A friend sent me a link to a programme broadcast on Russian national television recently (the link was to a YouTube clip, since most people I know do not have actual working television sets – the habit of watching TV has quietly died among the educated class here over the last 10 years). For over 10 minutes it made fun, crudely and openly, of prime minister Vladimir Putin's annual televised Q&A session. "What do you make of this?" my friend wrote. "Is this fake?" It was not fake. And what I made of it is that television, the most vital of organs in a state like Russia, is failing.

NTV, the channel on which the show was broadcast, is owned by the state gas monopoly Gazprom, which has a large press holding. Technically, the channel does not have to take orders from the Kremlin, but in the last 10 years (since it was wrested away from its founder) it just has. And now, it is just going to stop.

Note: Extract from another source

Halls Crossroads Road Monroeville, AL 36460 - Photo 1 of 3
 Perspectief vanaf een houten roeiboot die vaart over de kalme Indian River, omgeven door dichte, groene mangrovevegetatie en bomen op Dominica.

The thing about harsh authoritarian regimes is that it is not laws, or courts, or the rigid government hierarchy that makes them run. It is fear. And once the fear is taken out of the equation – suddenly, for the vanishing of fear is always sudden – it becomes clear that these courts, laws and hierarchies do not work. Everything just starts falling apart.

That is what happened here 20 years ago: institutions just stopped taking orders from the Kremlin. The media stopped fearing the censors who still sat in their offices at every media outlet. The police stopped applying absurd regulations, enabling the birth of private enterprise. Ultimately, the heads of the Soviet Union's 15 constituent republics lost their fear – and the empire fell apart, in what by history's standards was the blink of an eye.

In August 1991, when Communist party hardliners tried to wrest back the power, fear was the magic component they lacked. Some people got scared, to be sure – but enough did not. Radio journalists continued reporting on the coup and finding ways to broadcast even when their signal was repeatedly cut off and their offices were invaded by special forces. Print journalists from several newspapers that had been shut down got together to put out a joint publication they called The Common Newspaper. And ordinary people, including college students, professionals, and former army military men, flooded into the streets to protect the Moscow white house where Boris Yeltsin sat, personifying democracy.

The Moscow mayor and many other local officials were not frightened by the hardliners, and so refused to obey their decrees. Instead of being paralysed by fear, institutions just kept marching on as usual: the airports worked, the phones did not get shut down, people could get from place to place and communicate with one another. Finally, key generals did not obey the hardliners' orders, forcing them to retreat in disgrace. In the end it was they who were scared.

Right now Putin is scrambling, planting his own hardliners in key positions. He has appointed his old friend, FSB general Sergei Ivanov, chief of the president's staff – even though Putin has not yet been officially re-elected president. He brought back Dmitry Rogozin, Russia's odiously aggressive nationalist envoy to Nato, to serve in his cabinet in Moscow. In the coming days, he is likely to make more appointments that will show that his is a harsh, nationalist, authoritarian government. He is doing this because he is scared – and he desperately wants to bring back the fear that has enabled his rule for the last 12 years.